Thank goodness the reality is nothing like I had feared.
As I’ve blogged about many times before, Miranda is a happy, fun-loving girl who does lots of very typical kid things. OK, maybe there are some alterations to how she does some activities, but the point is that she takes part. Enthusiastically! What I didn’t really grasp in those early days is that Miranda would grow up with FOP as part of her life, and that for her, it would just be something about her, like the colour of her hair or being left handed. She doesn’t have the emotional/psychological baggage about her disability that her parents have. She always assumes she’s going to do what everyone else does. Why wouldn’t she?
Take Halloween. Miranda LOOOOOVES Halloween. Go figure, but there’s something that really turns her crank about dressing up in costume and getting all the candy she can eat. This year we went to Value Village to see what cool costumes we could dig up, and we happened to spy a little blue sequined dress. This was perfect, because Miss M wanted to be “Lagoona Blue”, a character from the “Monster High” TV show. Lagoona Blue is supposed to be some sort of water-monster teenager (who dresses in stylish clothes, natch). We put together a pretty good costume…

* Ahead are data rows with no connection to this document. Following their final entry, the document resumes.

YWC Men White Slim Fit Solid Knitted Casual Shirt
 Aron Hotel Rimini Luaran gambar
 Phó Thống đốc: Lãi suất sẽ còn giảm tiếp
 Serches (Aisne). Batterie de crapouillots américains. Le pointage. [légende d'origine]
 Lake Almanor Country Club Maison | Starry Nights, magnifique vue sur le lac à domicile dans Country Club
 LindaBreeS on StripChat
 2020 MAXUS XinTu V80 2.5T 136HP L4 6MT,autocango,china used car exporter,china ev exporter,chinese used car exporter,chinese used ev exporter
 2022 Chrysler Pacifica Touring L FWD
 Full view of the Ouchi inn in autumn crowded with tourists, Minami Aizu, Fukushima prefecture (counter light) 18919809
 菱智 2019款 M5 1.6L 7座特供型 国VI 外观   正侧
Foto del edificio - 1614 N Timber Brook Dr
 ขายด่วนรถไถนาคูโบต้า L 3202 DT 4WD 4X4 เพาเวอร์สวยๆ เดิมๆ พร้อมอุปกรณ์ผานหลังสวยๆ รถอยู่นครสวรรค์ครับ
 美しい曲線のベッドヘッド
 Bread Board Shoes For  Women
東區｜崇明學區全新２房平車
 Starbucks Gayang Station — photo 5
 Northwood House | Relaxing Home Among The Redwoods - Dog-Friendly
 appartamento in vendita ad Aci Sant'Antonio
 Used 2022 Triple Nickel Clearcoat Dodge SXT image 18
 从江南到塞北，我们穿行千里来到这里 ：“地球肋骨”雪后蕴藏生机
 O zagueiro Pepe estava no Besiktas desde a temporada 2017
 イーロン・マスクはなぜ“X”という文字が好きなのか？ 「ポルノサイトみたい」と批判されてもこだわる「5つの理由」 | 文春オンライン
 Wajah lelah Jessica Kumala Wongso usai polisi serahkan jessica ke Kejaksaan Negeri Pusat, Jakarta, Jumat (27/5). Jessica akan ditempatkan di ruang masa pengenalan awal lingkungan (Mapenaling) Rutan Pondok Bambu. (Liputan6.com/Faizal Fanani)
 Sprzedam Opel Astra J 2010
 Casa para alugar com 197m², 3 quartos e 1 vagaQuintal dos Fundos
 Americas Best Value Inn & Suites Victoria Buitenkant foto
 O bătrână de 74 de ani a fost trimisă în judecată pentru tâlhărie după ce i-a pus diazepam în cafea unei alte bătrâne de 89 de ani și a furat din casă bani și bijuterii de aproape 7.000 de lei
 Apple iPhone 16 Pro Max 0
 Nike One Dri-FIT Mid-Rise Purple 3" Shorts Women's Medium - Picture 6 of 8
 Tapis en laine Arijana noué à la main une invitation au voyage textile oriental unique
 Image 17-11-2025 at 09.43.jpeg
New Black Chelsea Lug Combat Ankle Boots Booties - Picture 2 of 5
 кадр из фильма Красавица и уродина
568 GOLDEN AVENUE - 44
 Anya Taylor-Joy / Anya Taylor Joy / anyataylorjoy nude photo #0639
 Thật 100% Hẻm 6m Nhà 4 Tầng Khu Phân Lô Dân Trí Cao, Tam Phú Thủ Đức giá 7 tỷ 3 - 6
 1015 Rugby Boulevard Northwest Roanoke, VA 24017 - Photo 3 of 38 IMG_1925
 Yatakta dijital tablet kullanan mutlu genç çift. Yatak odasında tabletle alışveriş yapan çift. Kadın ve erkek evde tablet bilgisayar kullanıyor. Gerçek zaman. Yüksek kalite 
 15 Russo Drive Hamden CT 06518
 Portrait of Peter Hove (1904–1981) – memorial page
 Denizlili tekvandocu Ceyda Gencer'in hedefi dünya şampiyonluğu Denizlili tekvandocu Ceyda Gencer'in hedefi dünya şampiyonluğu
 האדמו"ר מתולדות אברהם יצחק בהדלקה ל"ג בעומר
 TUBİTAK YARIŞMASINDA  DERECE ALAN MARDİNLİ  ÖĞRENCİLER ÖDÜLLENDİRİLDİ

Miranda got to test drive her costume on Friday night of this past week when we went to our school’s “Monster Mash” Halloween family dance. Was this a risky event for Miranda to attend? Yes – picture all kinds of kids running around and making mayhem in a dark gym with flashing coloured lights; lots of potential for someone to barrel into Miranda and knock her to the floor (thus putting her at risk for FOP flare-ups). But while the risk was there, Miranda’s disappointment about missing this dance would have been terrible to contemplate, and the risk wasn’t so high that we wouldn’t do it (ie, it’s not, you know, skateboarding).
We went to the dance, and of course had lots of fun. Miranda and I danced up a storm (her dad’s not so fond of dancing, but he enjoyed himself talking to other parents – and Miranda’s brother Owen spent his time running around the gym with his posse of 9 year-old buddies, LOL). OK, I did stick close to Miranda to keep her safe, but most of the parents did that with their kids too, so I wasn’t really doing anything very unusual.
I guess my point here is that so far, Miranda’s childhood has NOT been the nightmare I worried about when she was first diagnosed with FOP. FOP is part of Miranda’s life, but not even the most important part. If you’re reading this and you’re a parent of a child newly diagnosed with FOP, I hope you’ll remember that and be able to take it to heart (someday, when you come up for air after the diagnosis).